PROBLEM DETAILS: Would you reproduce, word for word, only the lines running from the top of the data through the line containing "Комплект белья Icon", and none of the pictures?

(Web page caption snippets)
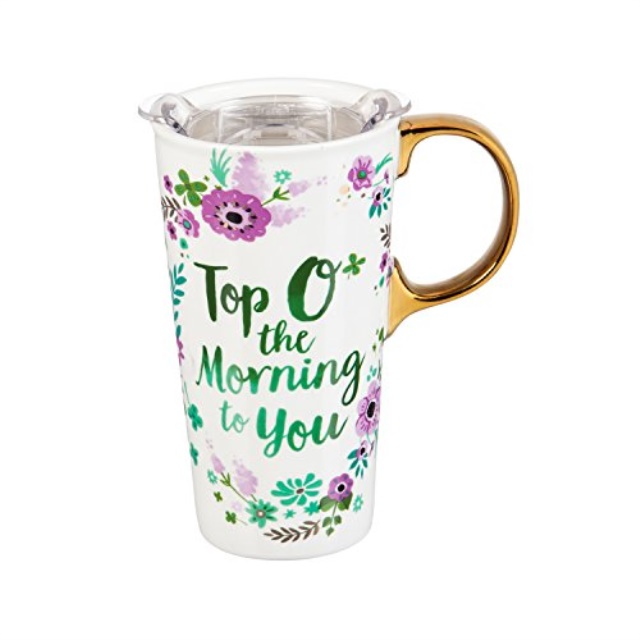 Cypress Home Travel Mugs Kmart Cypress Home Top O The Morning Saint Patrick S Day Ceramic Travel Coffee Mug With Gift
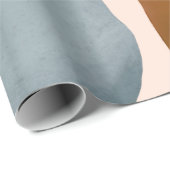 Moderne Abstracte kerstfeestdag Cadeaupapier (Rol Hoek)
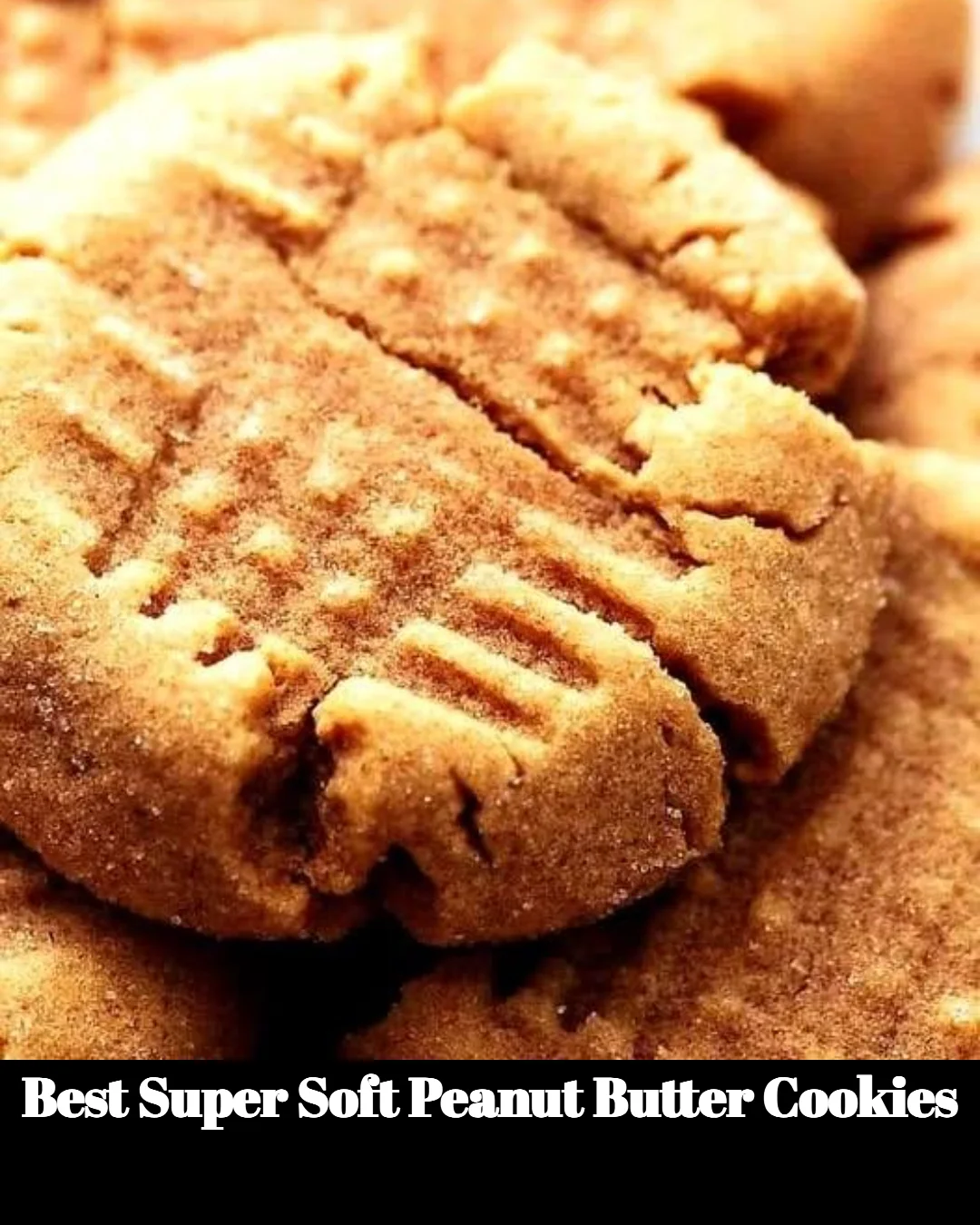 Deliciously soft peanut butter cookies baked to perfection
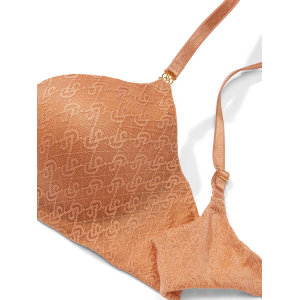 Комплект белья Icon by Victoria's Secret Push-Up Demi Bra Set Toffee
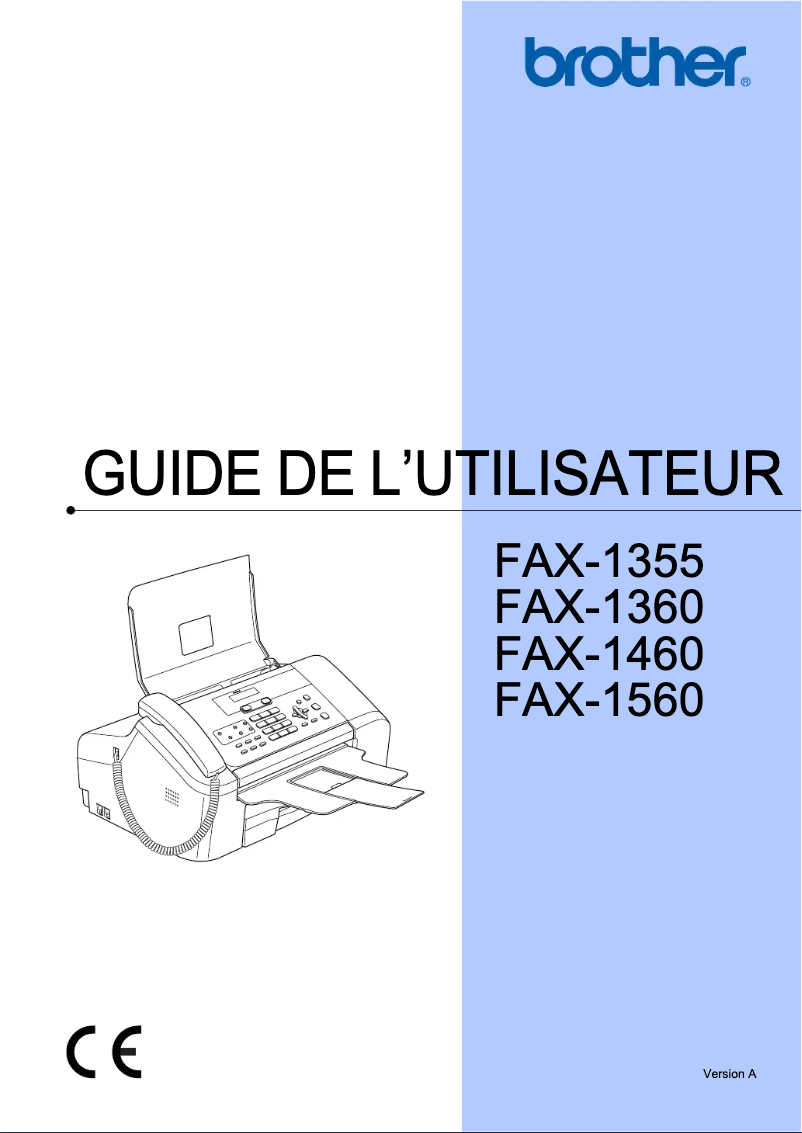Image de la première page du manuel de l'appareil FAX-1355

WRITTEN ANSWER:
 Cypress Home Travel Mugs Kmart Cypress Home Top O The Morning Saint Patrick S Day Ceramic Travel Coffee Mug With Gift
 Moderne Abstracte kerstfeestdag Cadeaupapier (Rol Hoek)
 Deliciously soft peanut butter cookies baked to perfection
 Комплект белья Icon by Victoria's Secret Push-Up Demi Bra Set Toffee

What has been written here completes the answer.